Regional cerebral oxygen supply and utilization in dementia. A clinical and physiological study with oxygen-15 and positron tomography.

TLDR
In this paper, the cerebral blood flow, oxygen extraction and oxygen utilization has been measured regionally in 22 dements, and 14 aged normal volunteers, and the results showed that a decline in cerebral flow and mean cerebral oxygen utilization was correlated with increasing severity of dementia in both degenerative and vascular dements.
Abstract
The cerebral blood flow, oxygen extraction and oxygen utilization has been measured regionally in 22 dements, and 14 aged normal volunteers. Ten demented patients were studied twice at a six-month interval from initial measurements. The use of a steady-state 15O technique and positron tomography for measuring regional cerebral blood flow, regional oxygen extraction fraction and mean cerebral oxygen utilization is discussed. The limitations of measurements are reviewed in the light of the present results and the current state of technological development in positron emission tomography is discussed. A decline in cerebral blood flow and mean cerebral oxygen utilization was correlated with increasing severity of dementia in both degenerative and vascular dements. The decline was coupled, both for the cerebral hemisphere as a whole and regionally.
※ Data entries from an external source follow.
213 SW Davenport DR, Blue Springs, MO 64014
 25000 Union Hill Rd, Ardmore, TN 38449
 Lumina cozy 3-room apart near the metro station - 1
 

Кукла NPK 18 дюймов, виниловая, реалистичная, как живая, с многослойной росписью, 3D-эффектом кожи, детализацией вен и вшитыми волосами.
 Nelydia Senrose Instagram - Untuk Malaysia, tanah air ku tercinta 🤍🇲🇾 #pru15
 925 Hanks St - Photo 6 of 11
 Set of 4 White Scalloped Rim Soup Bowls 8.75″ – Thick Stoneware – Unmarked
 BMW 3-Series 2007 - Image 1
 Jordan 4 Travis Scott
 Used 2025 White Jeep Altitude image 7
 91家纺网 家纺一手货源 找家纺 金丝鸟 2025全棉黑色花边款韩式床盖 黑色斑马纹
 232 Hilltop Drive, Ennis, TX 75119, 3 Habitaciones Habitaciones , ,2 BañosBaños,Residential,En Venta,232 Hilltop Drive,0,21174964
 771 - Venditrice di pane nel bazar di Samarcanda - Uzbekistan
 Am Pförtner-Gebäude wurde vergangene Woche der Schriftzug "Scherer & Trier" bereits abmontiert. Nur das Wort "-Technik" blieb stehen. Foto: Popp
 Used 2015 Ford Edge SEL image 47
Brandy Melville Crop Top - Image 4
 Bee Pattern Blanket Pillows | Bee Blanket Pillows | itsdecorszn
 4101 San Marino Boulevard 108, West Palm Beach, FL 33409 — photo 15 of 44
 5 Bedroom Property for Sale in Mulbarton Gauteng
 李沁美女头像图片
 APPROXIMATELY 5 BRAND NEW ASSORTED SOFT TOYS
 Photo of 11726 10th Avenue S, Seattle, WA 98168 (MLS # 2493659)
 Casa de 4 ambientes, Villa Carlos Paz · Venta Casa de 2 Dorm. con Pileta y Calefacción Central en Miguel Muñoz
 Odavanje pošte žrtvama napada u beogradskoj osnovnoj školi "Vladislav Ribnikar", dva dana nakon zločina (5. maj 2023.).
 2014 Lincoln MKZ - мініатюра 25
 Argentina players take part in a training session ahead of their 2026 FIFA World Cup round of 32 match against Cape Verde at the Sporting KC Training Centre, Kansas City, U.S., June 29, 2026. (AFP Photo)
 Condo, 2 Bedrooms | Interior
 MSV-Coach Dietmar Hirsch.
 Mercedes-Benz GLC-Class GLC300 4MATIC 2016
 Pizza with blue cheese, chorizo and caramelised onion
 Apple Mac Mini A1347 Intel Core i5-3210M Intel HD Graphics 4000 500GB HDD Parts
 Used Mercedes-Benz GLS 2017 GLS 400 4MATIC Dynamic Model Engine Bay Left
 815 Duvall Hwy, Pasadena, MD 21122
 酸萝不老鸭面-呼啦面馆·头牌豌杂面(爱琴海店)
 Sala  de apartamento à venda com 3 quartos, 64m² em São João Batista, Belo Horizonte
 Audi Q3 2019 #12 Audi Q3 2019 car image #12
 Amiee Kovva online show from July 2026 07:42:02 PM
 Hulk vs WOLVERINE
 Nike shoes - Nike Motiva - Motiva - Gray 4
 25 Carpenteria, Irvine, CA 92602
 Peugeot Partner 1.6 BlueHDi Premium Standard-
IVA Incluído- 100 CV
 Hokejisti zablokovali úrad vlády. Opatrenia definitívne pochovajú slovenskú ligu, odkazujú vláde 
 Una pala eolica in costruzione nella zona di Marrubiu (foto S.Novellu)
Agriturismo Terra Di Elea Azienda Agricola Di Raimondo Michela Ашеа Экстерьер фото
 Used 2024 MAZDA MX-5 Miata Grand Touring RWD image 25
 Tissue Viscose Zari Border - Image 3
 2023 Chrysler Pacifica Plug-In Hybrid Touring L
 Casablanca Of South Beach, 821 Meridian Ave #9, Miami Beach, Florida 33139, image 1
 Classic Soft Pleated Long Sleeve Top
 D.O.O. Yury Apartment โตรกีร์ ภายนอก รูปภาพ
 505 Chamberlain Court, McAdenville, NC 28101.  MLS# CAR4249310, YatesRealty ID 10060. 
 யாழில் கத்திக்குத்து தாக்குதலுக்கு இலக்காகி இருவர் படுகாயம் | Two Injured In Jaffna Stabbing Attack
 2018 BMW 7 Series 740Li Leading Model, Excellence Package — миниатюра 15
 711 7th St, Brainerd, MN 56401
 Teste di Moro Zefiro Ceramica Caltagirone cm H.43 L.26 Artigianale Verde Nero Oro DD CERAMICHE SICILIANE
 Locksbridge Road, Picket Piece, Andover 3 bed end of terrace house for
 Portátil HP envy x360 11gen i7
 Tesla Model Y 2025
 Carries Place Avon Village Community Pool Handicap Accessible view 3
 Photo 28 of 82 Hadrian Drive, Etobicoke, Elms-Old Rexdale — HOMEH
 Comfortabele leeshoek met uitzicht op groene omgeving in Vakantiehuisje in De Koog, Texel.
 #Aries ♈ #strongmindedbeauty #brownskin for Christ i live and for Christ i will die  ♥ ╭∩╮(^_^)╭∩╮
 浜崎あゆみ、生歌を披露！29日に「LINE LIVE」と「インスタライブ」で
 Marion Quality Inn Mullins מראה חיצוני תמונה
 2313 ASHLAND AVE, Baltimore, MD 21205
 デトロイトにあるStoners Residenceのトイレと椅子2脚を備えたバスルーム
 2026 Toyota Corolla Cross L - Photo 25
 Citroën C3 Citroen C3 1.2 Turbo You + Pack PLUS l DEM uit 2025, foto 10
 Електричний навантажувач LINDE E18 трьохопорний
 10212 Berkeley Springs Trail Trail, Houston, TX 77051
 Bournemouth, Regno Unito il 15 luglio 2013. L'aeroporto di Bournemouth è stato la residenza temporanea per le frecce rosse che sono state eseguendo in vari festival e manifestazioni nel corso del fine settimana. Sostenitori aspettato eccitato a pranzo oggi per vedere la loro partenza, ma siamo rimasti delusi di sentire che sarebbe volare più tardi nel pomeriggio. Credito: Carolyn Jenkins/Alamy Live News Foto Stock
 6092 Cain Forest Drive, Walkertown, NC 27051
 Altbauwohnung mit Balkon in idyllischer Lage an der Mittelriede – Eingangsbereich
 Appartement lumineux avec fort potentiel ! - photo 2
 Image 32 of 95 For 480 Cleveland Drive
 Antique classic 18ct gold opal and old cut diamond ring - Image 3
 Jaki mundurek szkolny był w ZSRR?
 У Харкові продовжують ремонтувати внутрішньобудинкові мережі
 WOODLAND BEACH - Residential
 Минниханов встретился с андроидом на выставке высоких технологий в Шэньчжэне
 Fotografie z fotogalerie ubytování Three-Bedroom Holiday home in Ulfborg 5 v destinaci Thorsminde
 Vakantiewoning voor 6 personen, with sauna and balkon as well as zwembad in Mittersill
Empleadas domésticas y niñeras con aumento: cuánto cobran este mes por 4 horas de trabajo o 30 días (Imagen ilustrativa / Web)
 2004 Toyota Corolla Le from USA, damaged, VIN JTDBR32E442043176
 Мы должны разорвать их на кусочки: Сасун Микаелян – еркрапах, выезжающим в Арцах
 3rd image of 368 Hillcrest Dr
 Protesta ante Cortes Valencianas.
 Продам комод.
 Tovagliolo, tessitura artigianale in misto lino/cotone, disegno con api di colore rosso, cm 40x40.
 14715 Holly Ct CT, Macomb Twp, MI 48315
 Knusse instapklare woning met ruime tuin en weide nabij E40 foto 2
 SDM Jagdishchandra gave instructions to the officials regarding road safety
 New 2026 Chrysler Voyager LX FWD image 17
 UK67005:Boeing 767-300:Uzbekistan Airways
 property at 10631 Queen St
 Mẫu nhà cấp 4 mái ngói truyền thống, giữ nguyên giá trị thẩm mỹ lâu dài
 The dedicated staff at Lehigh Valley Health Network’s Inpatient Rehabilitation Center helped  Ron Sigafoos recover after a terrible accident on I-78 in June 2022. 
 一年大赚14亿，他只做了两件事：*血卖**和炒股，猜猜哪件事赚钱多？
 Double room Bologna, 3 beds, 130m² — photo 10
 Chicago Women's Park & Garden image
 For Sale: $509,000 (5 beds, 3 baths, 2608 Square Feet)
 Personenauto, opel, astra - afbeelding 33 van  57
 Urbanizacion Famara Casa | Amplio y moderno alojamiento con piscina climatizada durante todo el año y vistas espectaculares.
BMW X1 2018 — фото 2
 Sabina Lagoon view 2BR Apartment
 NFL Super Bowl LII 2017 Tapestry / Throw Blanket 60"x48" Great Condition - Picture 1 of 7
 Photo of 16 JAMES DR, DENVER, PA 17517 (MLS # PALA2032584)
There was no increase in oxygen extraction ratio globally, and therefore no evidence to support the existence of a chronic ischaemic brain syndrome. Focal abnormalities in oxygen utilization were observed for both vascular and degenerative groups. In the vascular group, parietal defects were the most pronounced. Individual derangements of the regional pattern varied, reflecting the different unique patterns of ischaemic damage in these patients. In the degenerative group, parietal and temporal defects were seen in the less severe group, but a profound depression in the frontal regions with relative sparing of occipital area characterized the severe degenerative dements.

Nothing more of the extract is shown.